Skey used the English Premier League to broaden his focal point and see whether the popularity of the league had any impact on local African leagues.

What made fans in places such as Zambia, Tanzania and Kenya so interested in EPL teams to the exclusion of local teams?

“Local football fans in Africa see the Premier League as well organized, very professional, very skillful, and they look at their own leagues and their own teams and see them as the skill level’s lower, there might be corruption, there’s problems around organization and they’re kind of turned off by that,” Skey said.

However, as popular as football has always been it has become the largest global phenomenon.

Skey explains that football in the 1980s was in the doldrums facing issues of stadiums falling apart and hooliganism, where football fans would fight each other on what seemed an everyday occurrence.  

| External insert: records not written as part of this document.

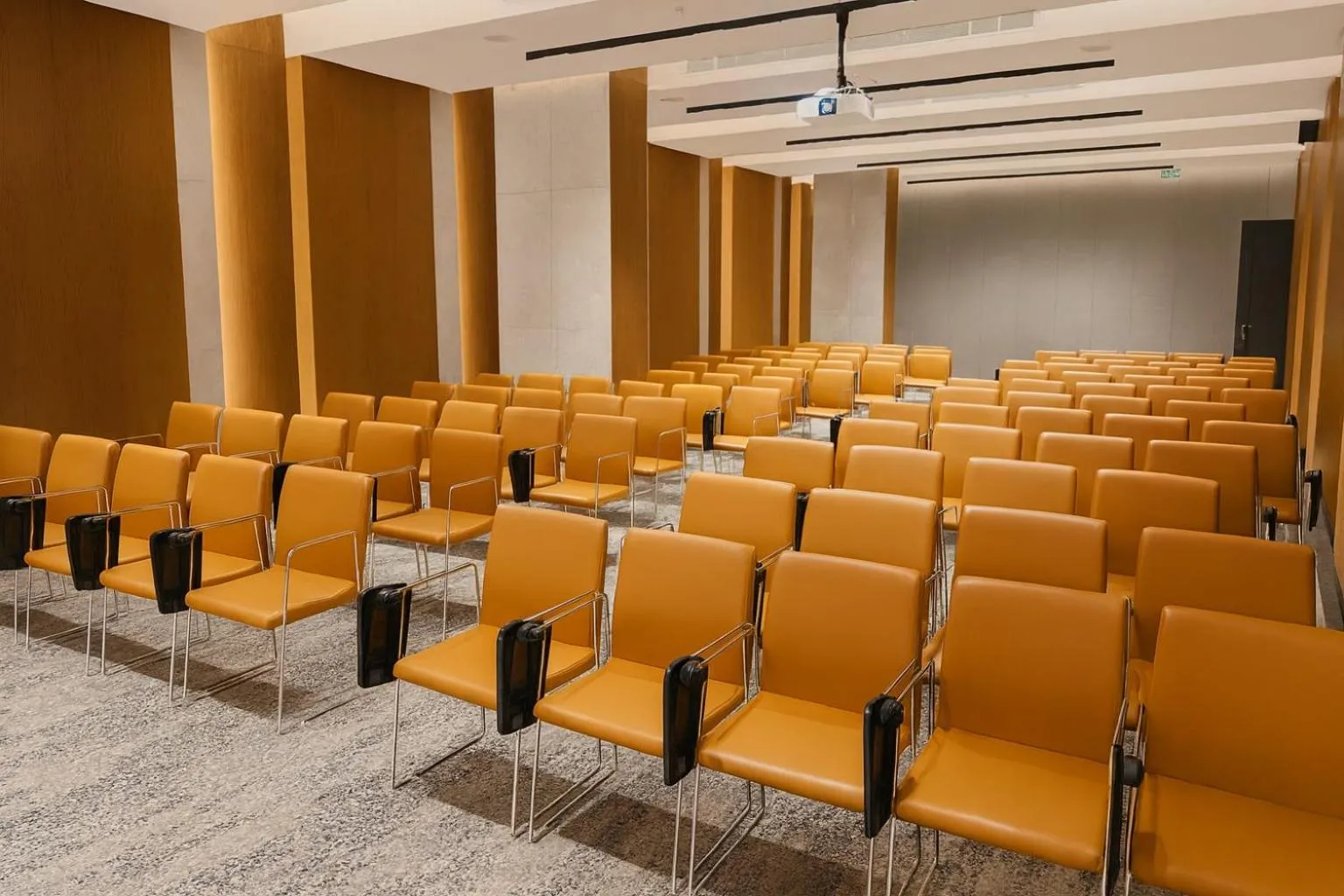 Business facilities in Dosso Dossi Hotels & SPA Golden Horn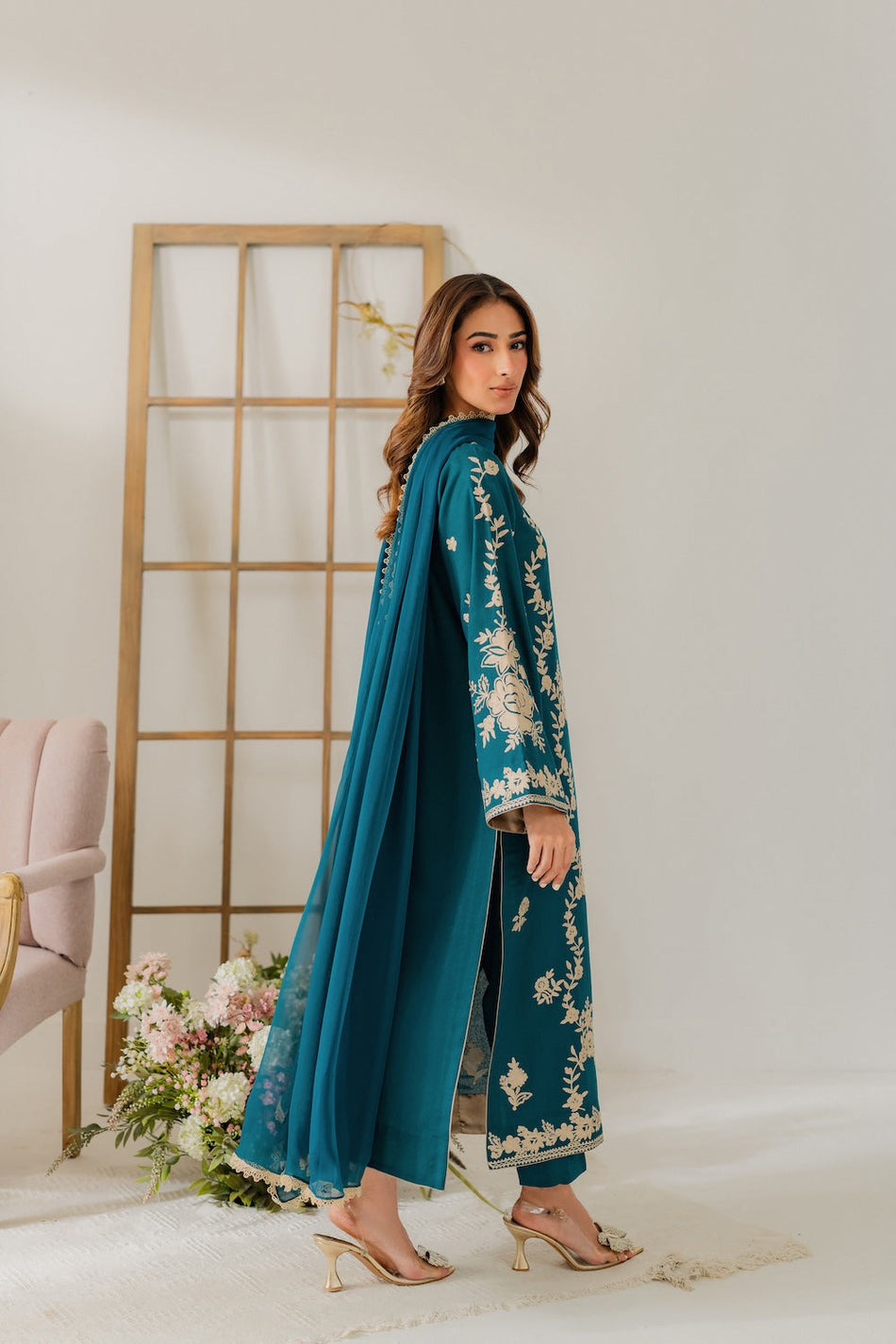 VINTAGE-3PC DHANAK EMBROIDERED SHIRT WITH BAMBER CHIFFON DUPATTA AND TROUSER (SYT-155)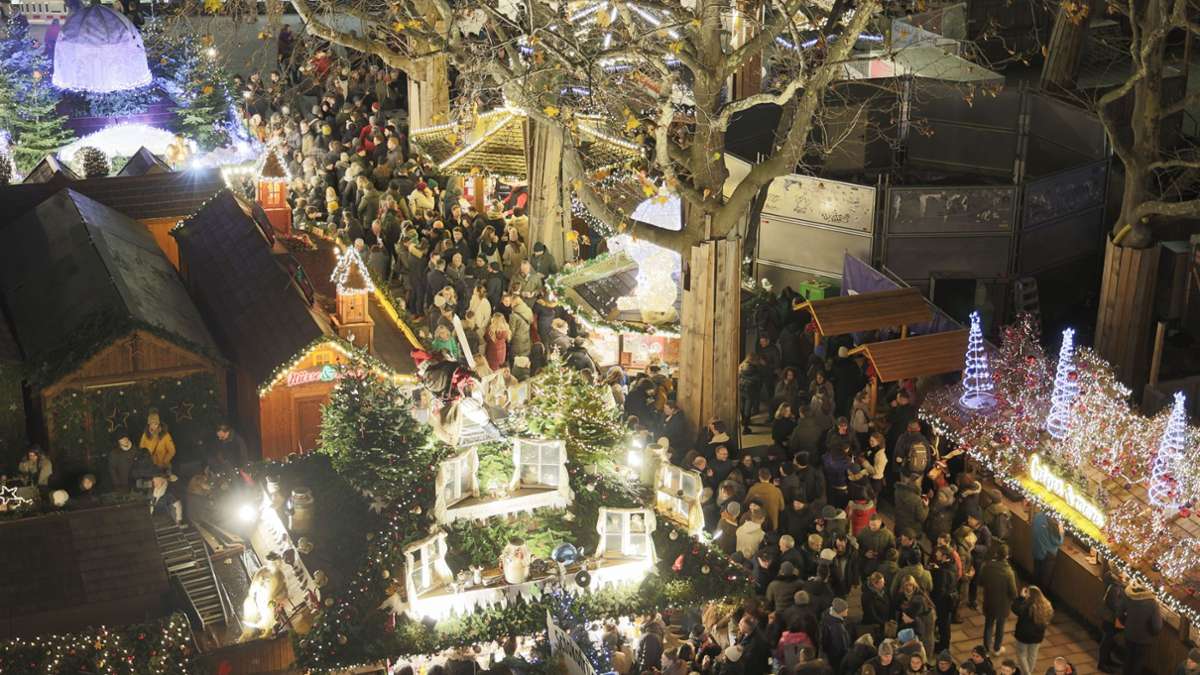 Gleich am ersten Abend sehr gut besucht: der Stuttgarter Weihnachtsmarkt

“For young men, often disenfranchised, often working in poorly paid jobs, the big highlight of the week was to go to the football game and for some of them to get into a fight,” Skey said. “Lots of exhibiting masculinity, it was a major problem in English football in the 1980s.”

But with the help of technological changes like satellite television - such as Rupert Murdoch’s  British Sky Broadcasting - the media landscape expanded. This allowed major clubs to break away and form the English Premier League during the early 1990s.

“In the '80s, you might have seen four or five games a season on television,” Skey said. “So after 1992, you started to see two or three games every week live on Sky. So that gave football a higher profile. The newspapers followed up as well, and football became trendy in a way that it wasn’t in the 80s. In the 1980s, it was a working class sport, quite violent. In the 1990s, it became, as I said, much more gentrified. Clubs had more money, so they could pay their players more.”

It not only revolutionized the way football was marketed, but it also allowed the EPL to bring in the world’s best players.

The inclusion of foreign players, Skey said, made the league more attractive, especially in places such as Africa, where local leagues were poor. Satellite television gave people access to the English games, and that made them want to be associated with successful teams.

“Most of the African fans followed Chelsea, Man United, Arsenal, etc.” Skey said. “(The EPL has) some of the best players in the world. It’s very exciting. It’s very well marketed by Sky and TV companies now in a very competitive environment that football is a way of accessing significant number of people who are young, affluent and with income, and they’re attractive to advertisers.”

While the U.K. was going through a technology boom, African media was being deregulated. That process allowed public broadcasters to dominate during the late 1990s and early 2000s.

“In the 2000s, the two best clubs in England at the time were Arsenal and Manchester United,” Skey said. “What you’ll find is that in many parts of Africa, Kenya for example, Zambia, Tanzania, those two clubs are incredibly popular because they were successful and, to some extent, because Arsenal, in particular, had African players. … I think African audiences felt that they could relate to certainly the African (players) and the black ones as as well. These are people like us. They’re supreme athletes. They’re winners, and we want to be associated with those clubs.”

One issue that arose was that of glory hunters, fans that follow the most successful teams. Some parts of the world call such fans bandwagon fans. In Africa, the practice is perfectly normal as long as you don’t abandon your support for your original team. In England, the practice is frowned upon.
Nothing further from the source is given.